I'm 39 weeks pregnant.. 20 years old and my bd is 36, almost done with college and works etc.. I wouldn't say a baby can't change someone.. My family also didn't like my boyfriend and were very disrespectful toward him so finally I got tired of it and told them that they need to accept the fact that him and I are going to be together and are having a child together and that if they can't respect him then they can't be in mine and his daughters life.. He says the same to his family members about me. We have eachothers backs 100%!
I know your situation is very hard and your probably very stressed but you should talk to them and tell them what you want and what you think is best for you and the baby. Talk to bd and tell him he needs to get it together ASAP. Maybe the two of you can eventually get a place together. Anyway, I hope everything goes real well for you and the baby, doll. Wishing you the best of luck.
Maybe then u should let him be until he gets his stuff together....no sense in losing ur family for someone who can't even support u. Then wen he's got it together u can decide to get back with him or just have him in ur childs life
I agree with the posts above. Your child is #1, not you and not your baby daddy... If he's 47 and doesn't have his life together, you aren't going to reverse the last 47 years, and your baby won't change him either. In this scenario, I would stick with your family!

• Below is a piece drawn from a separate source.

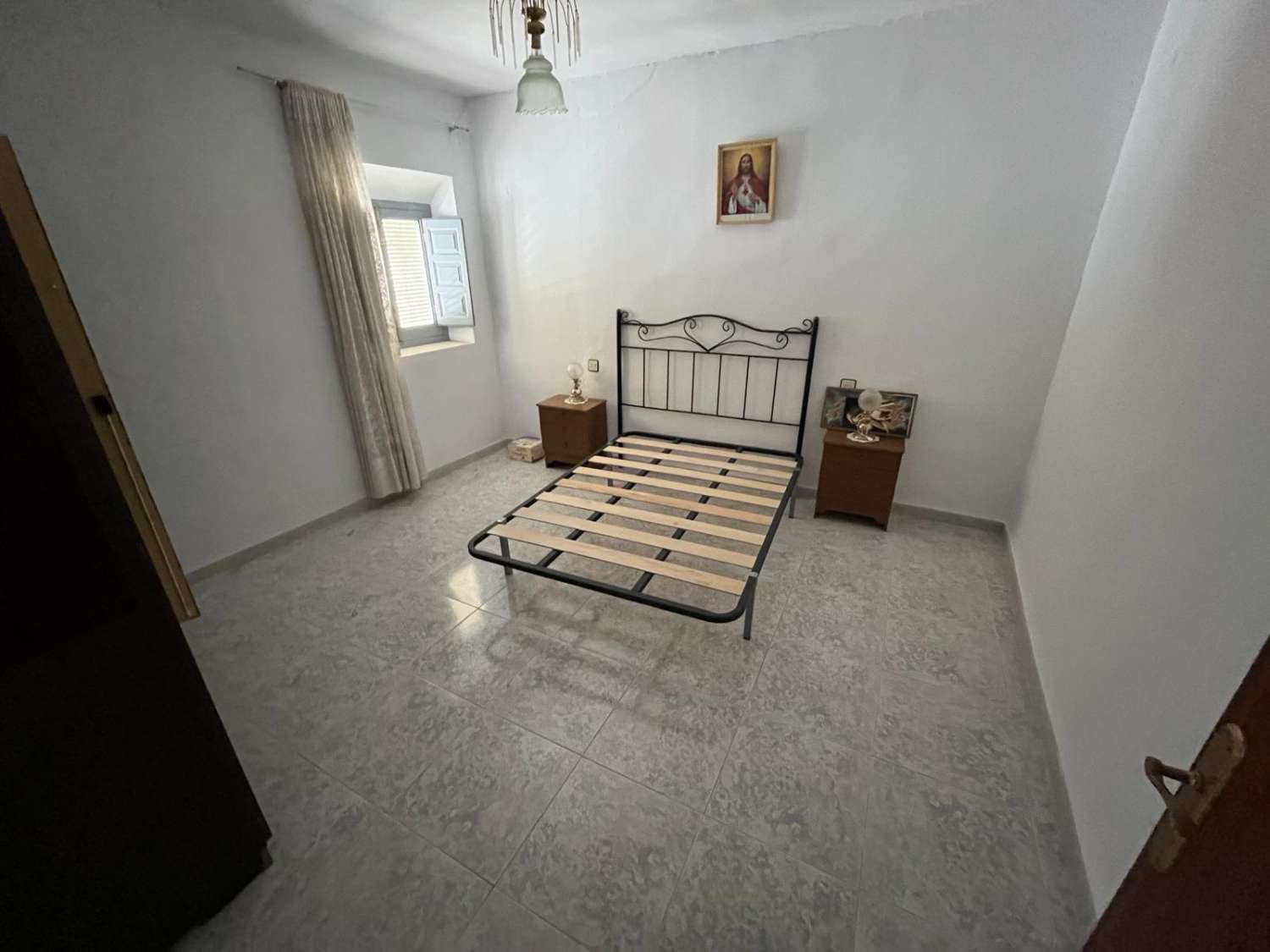 Casa grande con potencial para dividirse en 2 viviendas independientes en Vélez-blanco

Your gonna do what you want to do, but if I was you I would let him be in the childs life. If he doesn't have a job and living with friends he can't support both you and the baby. He can be in the child's life that's not your family a decision. You are the mother, and family won't just abandon you if thru really love you they will come around. Its easier said than done.
You have to be able to do whats best for the child. I to had this problem. My parents refused me to see or even threaten to disown me due to him being military. I told them to shut up basically and said he is the father I'm not raising this child alone. They will listen and if they do disown then they are selfish I'm sorry but parents should always love there children no matter what
i dont want to lose my family and be with someone who cant support use but i want him in his life
If he's 47 n doesn't have his stuff together then there's issues. But ure gn love who u live and u'll learn one day so do wat u find best
This is your child. You do what you want. You are 18, they cant tell you no! They cant tell him that he cant be there for his childs birth. Your the only one with the say in who is there and who is not! You need to tell them to back off. This is your life. Your child!